We've had a lovely time here on Maui and are thankful for the friends who have made it possible to take this break from a very intense schedule.
The politics of America faded, thankfully, from view, and so have many other things, yet, not everything. There are existential issues that no one can dismiss.
A dear friend, for example, has been in transition from this world, fading daily, but not quite gone and not quite there. The pall of death, its meaning and its finality, weigh upon the waves as I ride them joyfully toward the shore. It's not sadness for her departure, nor yet for any sense of my own loss, but rather the question lingers, "Will I be as present and joy filled as she when my time comes?" The sense of impermanence of life, indeed it's lingering meaningless, hovers like a dark cloud.
Not that I have a particular investment in meaninglessness, it's just, rather, the question of WHAT exactly is MOST meaningful? What parts are important and what parts are NOT!
When in my mid-twenties I traveled to Europe and Asia for over a year, I remember flying back to America and praying that I not get caught up in the littleness of life (again). Well, I've learned that it's not the details that are the problem; it's our attachment and identification with them.

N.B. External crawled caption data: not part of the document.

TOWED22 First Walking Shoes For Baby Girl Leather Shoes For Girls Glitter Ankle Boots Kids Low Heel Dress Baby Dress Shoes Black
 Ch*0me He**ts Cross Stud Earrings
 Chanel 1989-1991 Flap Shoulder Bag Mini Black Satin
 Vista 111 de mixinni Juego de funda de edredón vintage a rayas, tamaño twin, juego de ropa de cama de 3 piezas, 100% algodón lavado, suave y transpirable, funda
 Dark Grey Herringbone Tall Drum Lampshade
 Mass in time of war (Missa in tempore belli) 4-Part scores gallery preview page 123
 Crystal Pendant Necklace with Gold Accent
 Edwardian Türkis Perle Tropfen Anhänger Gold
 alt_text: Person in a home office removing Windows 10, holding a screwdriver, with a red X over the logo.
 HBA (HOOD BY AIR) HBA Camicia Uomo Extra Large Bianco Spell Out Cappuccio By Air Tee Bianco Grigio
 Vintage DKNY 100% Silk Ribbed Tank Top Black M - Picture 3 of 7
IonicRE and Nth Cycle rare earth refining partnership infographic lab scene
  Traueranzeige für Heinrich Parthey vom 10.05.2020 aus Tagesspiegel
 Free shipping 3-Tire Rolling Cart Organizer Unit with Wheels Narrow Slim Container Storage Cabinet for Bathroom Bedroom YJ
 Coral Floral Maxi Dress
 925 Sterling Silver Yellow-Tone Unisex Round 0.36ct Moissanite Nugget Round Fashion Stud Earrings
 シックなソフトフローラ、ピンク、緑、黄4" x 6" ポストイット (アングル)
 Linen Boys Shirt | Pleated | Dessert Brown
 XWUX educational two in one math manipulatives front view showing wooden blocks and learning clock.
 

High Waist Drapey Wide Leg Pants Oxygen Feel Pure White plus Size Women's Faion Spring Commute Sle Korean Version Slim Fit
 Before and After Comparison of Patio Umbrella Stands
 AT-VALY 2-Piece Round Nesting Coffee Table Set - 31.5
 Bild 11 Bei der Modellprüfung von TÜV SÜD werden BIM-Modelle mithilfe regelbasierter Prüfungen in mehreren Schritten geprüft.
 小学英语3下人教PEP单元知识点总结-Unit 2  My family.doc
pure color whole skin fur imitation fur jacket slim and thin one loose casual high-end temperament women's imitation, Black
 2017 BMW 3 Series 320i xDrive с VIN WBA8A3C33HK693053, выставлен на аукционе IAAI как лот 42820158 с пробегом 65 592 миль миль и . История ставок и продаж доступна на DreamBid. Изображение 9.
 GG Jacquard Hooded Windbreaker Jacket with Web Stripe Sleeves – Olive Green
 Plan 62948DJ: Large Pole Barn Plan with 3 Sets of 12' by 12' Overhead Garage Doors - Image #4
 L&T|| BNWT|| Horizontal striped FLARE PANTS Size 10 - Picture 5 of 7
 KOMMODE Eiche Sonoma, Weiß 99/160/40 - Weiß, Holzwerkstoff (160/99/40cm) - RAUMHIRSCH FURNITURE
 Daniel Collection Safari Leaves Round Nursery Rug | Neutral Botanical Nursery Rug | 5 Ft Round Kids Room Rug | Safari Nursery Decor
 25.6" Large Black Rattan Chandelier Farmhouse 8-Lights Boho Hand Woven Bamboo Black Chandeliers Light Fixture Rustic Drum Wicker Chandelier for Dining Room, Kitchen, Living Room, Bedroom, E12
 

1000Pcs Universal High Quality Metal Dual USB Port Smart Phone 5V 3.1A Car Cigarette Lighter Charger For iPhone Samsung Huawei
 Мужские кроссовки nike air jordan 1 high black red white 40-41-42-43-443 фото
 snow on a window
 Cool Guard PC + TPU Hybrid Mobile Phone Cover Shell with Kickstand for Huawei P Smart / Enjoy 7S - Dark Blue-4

After all, it's no small detail when one is hungry or thirsty! It can become pretty important then.
Why can't I just take a vacation? A vacation is NOT a vacation from issues; it's a break to put them in perspective. If you don't plan or take a vacation, you are avoiding your issues!
I am deeply grateful for the grace of a true Guru, for the practice of kriya yoga, true friends and the privilege of spiritual service. All of these bring the parade of life's potential meaninglessness into clear and beautiful focus.
Joy to you and welcome home to me!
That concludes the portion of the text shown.